The analysis of GISMO event output is a 2 step process from output file format to analysis format. GISMO produces an ASCII file containing event data which is then converted to a PAW NTUPLE [9] using the NTUPLER utility [5]. NTUPLER output is then converted into ROOT branches [7] for analysis within the ROOT environment.
A GISMO executable was configured to generate the progeny of a primary interacting hadron and to break having interacted that particle for first time. Progeny identities and the energies imparted to them were stored and the shower stack cleared ending an event before the progeny themselves could interact. The data was written to disk, processed and analyzed.
SLD GEANT data was generated similarly on VMS/VAX. GISMO was configured to simulate events in an SLD Liquid Argon Calorimeter (LAC) and Luminosity Monitor (LUM) [2]. The SLD monte carlo is obviously much more mature than GISMO and conducts a much more robust simulation. Many aspects of GEANT's simulation were omitted for the sake of simplicity and to match it’s initial conditions as closely as possible with the GISMO version [3].

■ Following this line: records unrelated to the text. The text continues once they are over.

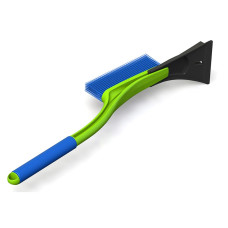 Щетка OKTAN 54 см, зеленый, размер: 580,5*166,5*108,5 мм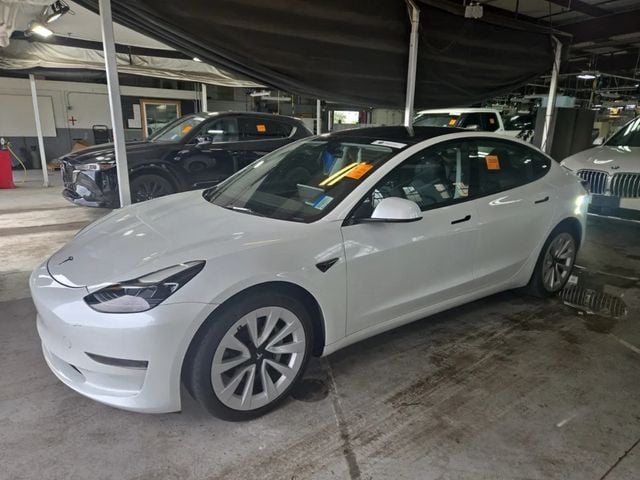 2023 Tesla Model 3 RWD - 23082493 - 1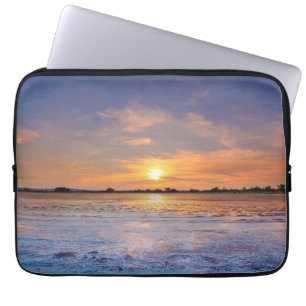 13-inch hoes voor neopreen-laptop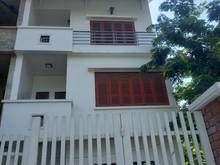 Hình ảnh Biệt thự sân vườn Ngọc Thụy 130m2, mt 7m ngõ thông ô tô gần cầu Long B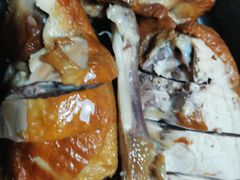 -关东风老北方菜馆(桂芳园店)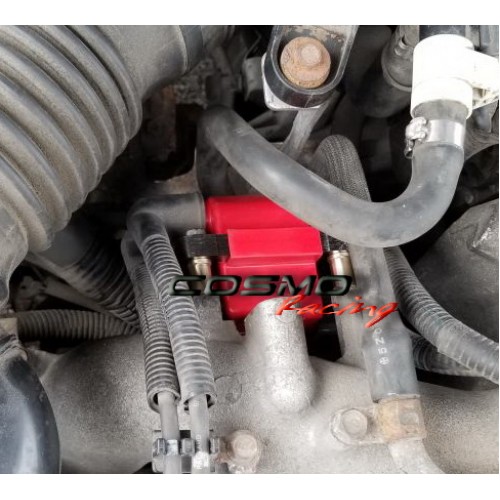 SUBARU LEGACY 2005-2009 2.5L H4 SOHC NON TURBO NA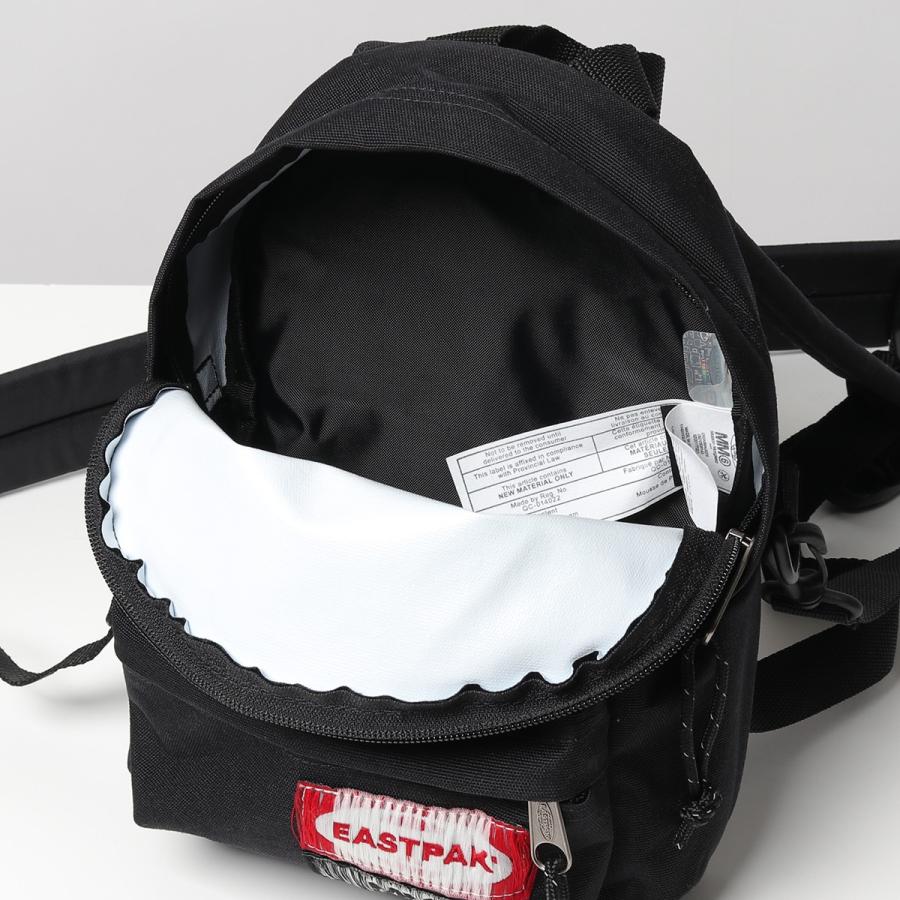 MM6 × EASTPAK エムエムシックス メゾンマルジェラ イーストパック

GISMO was configured for full shower simulation of NLD em and hadronic subsystems. Jobs consisted of 500 20GeV e- events, 5000 4GeV p+ events and 5000 20GeV p+ events. These events ran for the better part of 3 days where e- events took <26hrs and the 20GeV hadrons >50hrs.
The em and hadronic responses can be compared in terms of amplitude, width and mean.
These histograms indicate a p+ width ~4x that of the e- with a mean ~10% lower with respect to incident energy. The hadron signal contains a very pronounced non-Gaussian tail. This tail can be observed for both 4 and 20GeV events given the larger sample size of each.
For event populations <1000 the non-Gaussian fit is much more subtle even for incident E>20GeV. The hadron tails were approximated with a 3o polynomial.
A plot of NLD hadronic resolution demonstrates a E-½ scaling trend. This resolution indicates an improvement of ~25% over recent SLD values [5].
When the products of a primary interaction are examined for both SLD GEANT and SLD GISMO, the two algorithms seem to produce nearly identical types.
The numbering scheme follows GEANT3 guidelines (see Appendix I). The momentum distributions generated by the two packages can be compared.
GISMO produces exceptional hadronic resolution, there's no question of that when one considers detectors to date [8]. The barrel and endcap algorithms have been cross-checked against GEANT: a working, realistic model which has successfully reproduced SLD data for years. The em performance was expected in the Snowmass report and came as no surprise, but the hadronic response does seem high and the resolution too good.
The non-Gaussian shape of the hadronic response is not really surprising given that NLD is a non-compensating detector: material specs and detector dimensions don't make up for lost visibility of hadronic events (em/hadronic response > 1) [4]. This can be minimized as it is in SLD where hadronic events are parameterized to expedite the process of their simulation.
GISMO production of hadronic shower particles is in very good agreement with GEANT in both energy and type. If GISMO were creating a large number of p0's for example, this might lead to a more substantial em shower contribution. Such ‘em weighted’ showers would result in an increased response, but there doesn't appear to be any favoritism on the part of GISMO. GEANT produces many of the same particles that GISMO does and the two of them seem to agree on the energy imparted to them. This fact clears the GISMO interface to EGS and GHEISHA packages used by both for em and hadronic monte carlo calculations.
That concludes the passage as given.